═══ Records to use ═══

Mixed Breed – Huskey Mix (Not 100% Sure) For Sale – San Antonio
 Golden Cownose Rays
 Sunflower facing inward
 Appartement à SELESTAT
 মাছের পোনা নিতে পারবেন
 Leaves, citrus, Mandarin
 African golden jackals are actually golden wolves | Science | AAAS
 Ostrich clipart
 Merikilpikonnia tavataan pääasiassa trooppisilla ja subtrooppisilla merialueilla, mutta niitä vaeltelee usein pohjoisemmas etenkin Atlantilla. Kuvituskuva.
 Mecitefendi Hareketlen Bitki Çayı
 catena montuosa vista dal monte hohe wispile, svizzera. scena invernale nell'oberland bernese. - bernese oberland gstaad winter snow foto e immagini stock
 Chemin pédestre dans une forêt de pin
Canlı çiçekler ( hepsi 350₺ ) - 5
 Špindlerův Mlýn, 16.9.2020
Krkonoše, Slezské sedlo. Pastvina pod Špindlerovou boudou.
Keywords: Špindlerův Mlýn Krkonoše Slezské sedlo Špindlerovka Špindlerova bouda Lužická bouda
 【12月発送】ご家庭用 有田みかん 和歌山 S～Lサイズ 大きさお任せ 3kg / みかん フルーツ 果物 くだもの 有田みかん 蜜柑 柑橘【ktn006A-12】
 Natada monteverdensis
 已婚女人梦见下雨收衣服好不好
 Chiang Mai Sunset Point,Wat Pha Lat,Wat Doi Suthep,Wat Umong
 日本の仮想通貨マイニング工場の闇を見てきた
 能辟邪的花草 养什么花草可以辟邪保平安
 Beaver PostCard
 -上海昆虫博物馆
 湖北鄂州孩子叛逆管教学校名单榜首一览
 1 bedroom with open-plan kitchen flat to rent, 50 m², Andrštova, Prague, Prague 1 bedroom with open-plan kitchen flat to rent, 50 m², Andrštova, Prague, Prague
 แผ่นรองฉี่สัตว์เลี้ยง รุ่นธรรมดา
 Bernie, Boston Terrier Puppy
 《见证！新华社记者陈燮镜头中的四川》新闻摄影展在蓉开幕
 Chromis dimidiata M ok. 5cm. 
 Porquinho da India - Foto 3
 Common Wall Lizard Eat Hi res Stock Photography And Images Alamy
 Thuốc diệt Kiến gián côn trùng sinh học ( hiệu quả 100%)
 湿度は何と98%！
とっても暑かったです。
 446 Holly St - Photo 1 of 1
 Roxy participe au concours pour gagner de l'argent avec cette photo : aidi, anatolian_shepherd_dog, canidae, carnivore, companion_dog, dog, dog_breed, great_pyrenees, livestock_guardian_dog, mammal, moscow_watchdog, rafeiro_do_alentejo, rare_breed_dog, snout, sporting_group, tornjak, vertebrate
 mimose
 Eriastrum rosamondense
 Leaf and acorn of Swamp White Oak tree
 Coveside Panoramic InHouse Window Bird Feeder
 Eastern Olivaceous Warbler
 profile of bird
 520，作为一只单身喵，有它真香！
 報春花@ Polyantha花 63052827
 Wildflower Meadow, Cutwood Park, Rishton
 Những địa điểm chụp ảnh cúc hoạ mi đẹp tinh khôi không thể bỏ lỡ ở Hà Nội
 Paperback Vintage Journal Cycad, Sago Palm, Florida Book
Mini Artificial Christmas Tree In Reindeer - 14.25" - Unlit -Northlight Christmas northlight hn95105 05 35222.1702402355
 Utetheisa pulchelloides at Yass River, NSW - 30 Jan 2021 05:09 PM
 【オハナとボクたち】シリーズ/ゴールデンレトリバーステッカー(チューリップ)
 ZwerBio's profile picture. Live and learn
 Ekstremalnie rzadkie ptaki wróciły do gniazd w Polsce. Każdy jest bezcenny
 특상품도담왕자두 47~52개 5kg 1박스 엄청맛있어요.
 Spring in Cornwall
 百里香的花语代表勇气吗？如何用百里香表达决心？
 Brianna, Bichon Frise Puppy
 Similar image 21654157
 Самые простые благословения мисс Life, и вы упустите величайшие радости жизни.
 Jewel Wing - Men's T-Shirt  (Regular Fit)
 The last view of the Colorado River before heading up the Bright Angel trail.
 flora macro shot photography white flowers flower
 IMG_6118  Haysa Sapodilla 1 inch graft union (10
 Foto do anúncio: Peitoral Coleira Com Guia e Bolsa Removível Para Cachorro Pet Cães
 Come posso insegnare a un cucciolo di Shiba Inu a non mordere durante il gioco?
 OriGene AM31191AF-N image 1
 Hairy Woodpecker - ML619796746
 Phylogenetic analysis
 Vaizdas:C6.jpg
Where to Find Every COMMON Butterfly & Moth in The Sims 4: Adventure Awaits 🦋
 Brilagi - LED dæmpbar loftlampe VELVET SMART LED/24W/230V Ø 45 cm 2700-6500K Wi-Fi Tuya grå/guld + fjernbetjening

═══

Would you please copy exactly the part of the entries above that begins at the line containing "Keywords: Špindlerův Mlýn" and ends at the line containing "湖北鄂州孩子叛逆管教学校名单榜首一览", both lines included?

▶ _Exercise response_
Keywords: Špindlerův Mlýn Krkonoše Slezské sedlo Špindlerovka Špindlerova bouda Lužická bouda
 【12月発送】ご家庭用 有田みかん 和歌山 S～Lサイズ 大きさお任せ 3kg / みかん フルーツ 果物 くだもの 有田みかん 蜜柑 柑橘【ktn006A-12】
 Natada monteverdensis
 已婚女人梦见下雨收衣服好不好
 Chiang Mai Sunset Point,Wat Pha Lat,Wat Doi Suthep,Wat Umong
 日本の仮想通貨マイニング工場の闇を見てきた
 能辟邪的花草 养什么花草可以辟邪保平安
 Beaver PostCard
 -上海昆虫博物馆
 湖北鄂州孩子叛逆管教学校名单榜首一览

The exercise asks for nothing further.